Mainly after the end of the tea and coolies trade, still in the 19th century, Macau's economy came to be supported largely by the gambling sector, fishing and the various monopolies granted by the government (namely that of opium). But trade did not cease to exist in Macau or cease to be important for the colony. The city has always been home to a class of buyers and traders, mostly Chinese, who maintained commercial relations with various locations in China and Southeast Asia, and who made a profit from their intermediary activity of importing products and then re-exporting them. Some of these activities, such as the import, sale and re-export of oil and gold, were even monopolized by the government,  whose monopoly rights were later granted to a private company.

Territorial expansion

In the first half of the 19th century, the Portuguese, who were previously only allowed to inhabit the south of the Macau Peninsula, also began to exercise jurisdiction over the north of the peninsula (at that time occupied by the Chinese). They even wanted to occupy land located beyond the Portas do Cerco, but they were unable to do so.

In 1847, Governor Ferreira do Amaral ordered the construction of a fortress on the island of Taipa, designed to protect the Chinese inhabitants and traders from pirates and also to assert the Portuguese presence on the island. In 1851, the Portuguese took control of all of Taipa. The occupation of the island of Coloane began in 1864. When the Portuguese arrived on the islands of Taipa and Coloane, Chinese pirates had great influence on them and terrorized their inhabitants. The Portuguese had to fight them, with one of the most famous clashes taking place in Coloane in 1910, where the Portuguese were victorious.

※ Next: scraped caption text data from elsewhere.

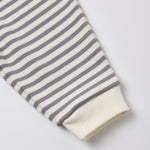 Cozy Set (Slate Stripe)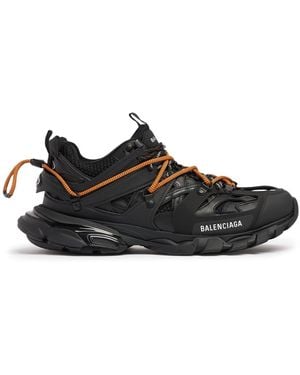 Balenciaga Track テックスニーカー - ブラック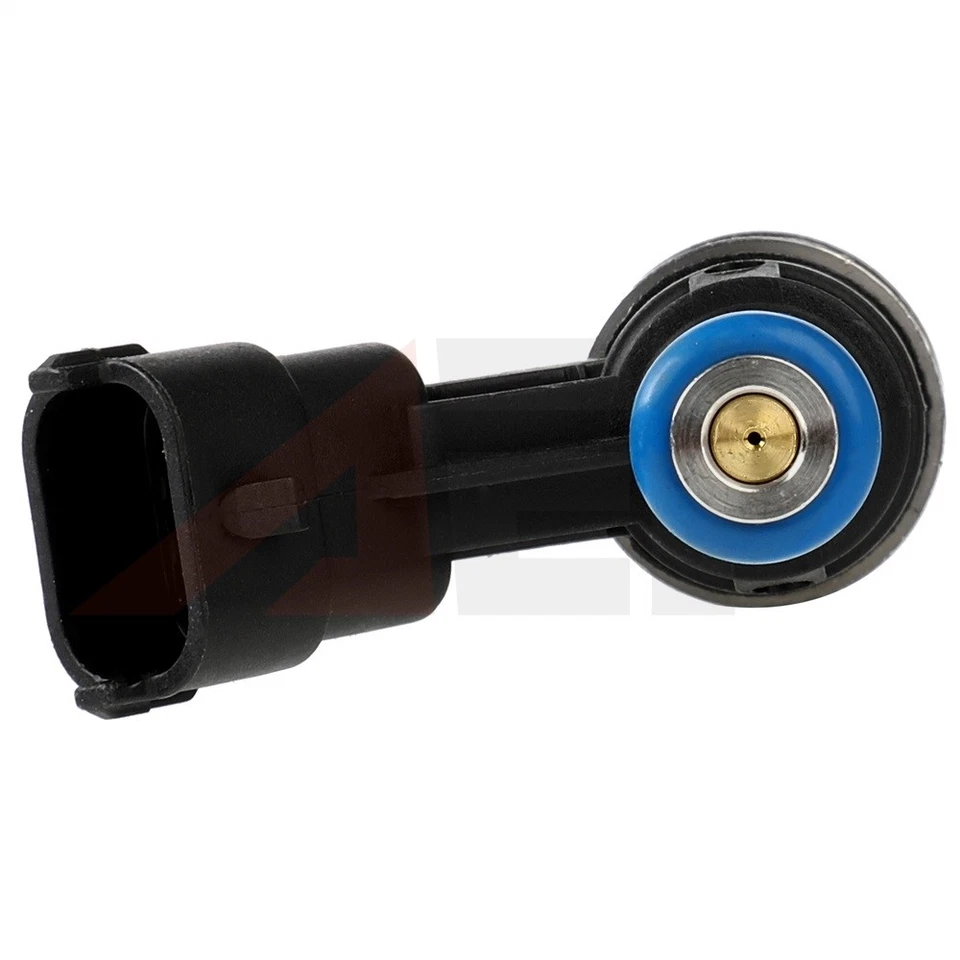 4x Inyectores de combustible para Mini Cooper Paceman Peugeot 3008 2013 2014 2015 2016 1,6 L Foto 4 de 4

In 1890, the Portuguese officially occupied Ilha Verde, which was located 1 kilometer west of the Macau Peninsula. Due to landfills, this island was completely absorbed by the Peninsula in 1923.

In the 19th century, the Portuguese also began to expand their influence to the islands of Lapa, Dom João and Montanha (adjacent to Macau), offering protection and services (eg education) to the few Chinese residents there in exchange for taxes. At the time, these three islands were already inhabited by Portuguese missionaries, with the island of Lapa already inhabited at the end of the 17th century. They were officially occupied by the Portuguese in 1938, under the pretext of protecting the Portuguese and missionaries residing there. But in the oWorld War II, the Portuguese were expelled in 1941 by the Imperial Japanese Army (no armed struggle or deaths were recorded) which constantly launched threats to the government of Macau. After the expulsion of the Portuguese, the Japanese began to occupy these islands. At the end of the Great War, with the defeat of Japan, the Portuguese were unable to reoccupy the islands of Lapa, D. João and Montanha, which were returned to China.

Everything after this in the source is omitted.